Supplied data:
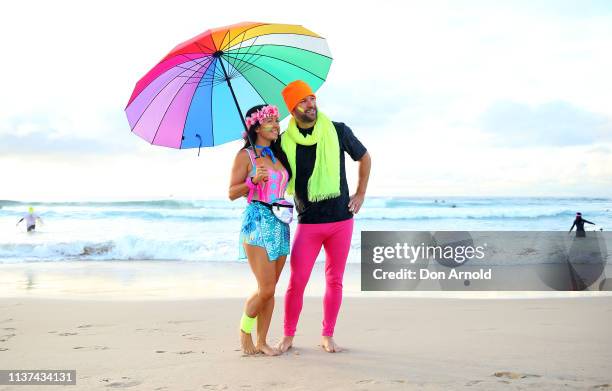 Fluro clad Jodi Hooker and Phil Conway pose on the Bondi Beach shoreline on March 22, 2019 in Sydney, Australia. Surfers gather to celebrate five...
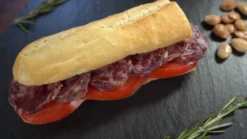 Spanish spicy sausage, salchichon, in a bread roll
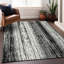 Tapis intérieur / extérieur en polyester tissé à la machine noir / beige Charysse-109576456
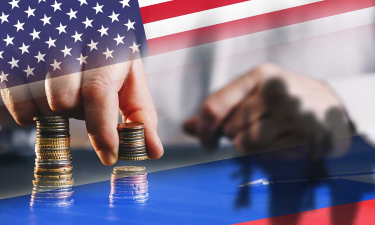 une main soulève une pile de pièces sur fond de drapeau des états-unis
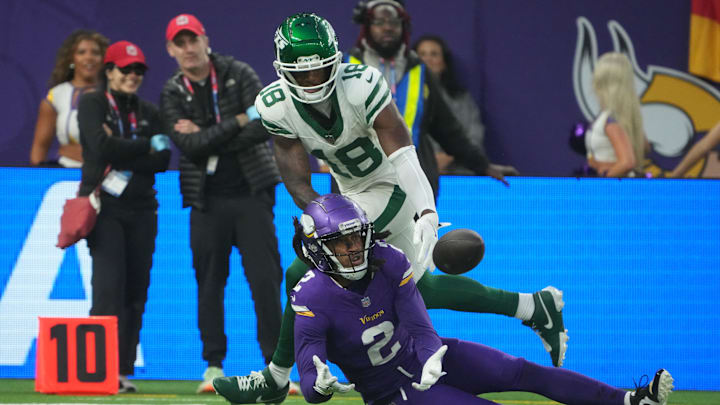 Oct 6, 2024; London, United Kingdom; Minnesota Vikings cornerback Stephon Gilmore (2) intercepts a pass intended for New York Jets wide receiver Mike Williams (18) in the fourth quarter at Tottenham Hotspur Stadium. 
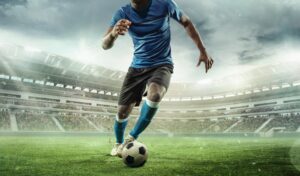 Cropped,Image,Of,Running,Soccer,,Football,Player,At,Stadium,During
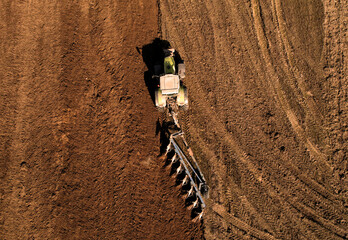 Tractor plowing field. Tractor plow soil cultivating. Cultivated land and soil tillage....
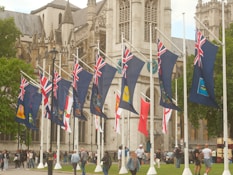 British flags displayed in front of a large building.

Directions for this task: Each entry should be transcribed exactly as given, with pictures omitted.

Problem solution:
 Fluro clad Jodi Hooker and Phil Conway pose on the Bondi Beach shoreline on March 22, 2019 in Sydney, Australia. Surfers gather to celebrate five...
 Spanish spicy sausage, salchichon, in a bread roll
 Tapis intérieur / extérieur en polyester tissé à la machine noir / beige Charysse-109576456
 une main soulève une pile de pièces sur fond de drapeau des états-unis
 Oct 6, 2024; London, United Kingdom; Minnesota Vikings cornerback Stephon Gilmore (2) intercepts a pass intended for New York Jets wide receiver Mike Williams (18) in the fourth quarter at Tottenham Hotspur Stadium. 
 Cropped,Image,Of,Running,Soccer,,Football,Player,At,Stadium,During
 Tractor plowing field. Tractor plow soil cultivating. Cultivated land and soil tillage....
 British flags displayed in front of a large building.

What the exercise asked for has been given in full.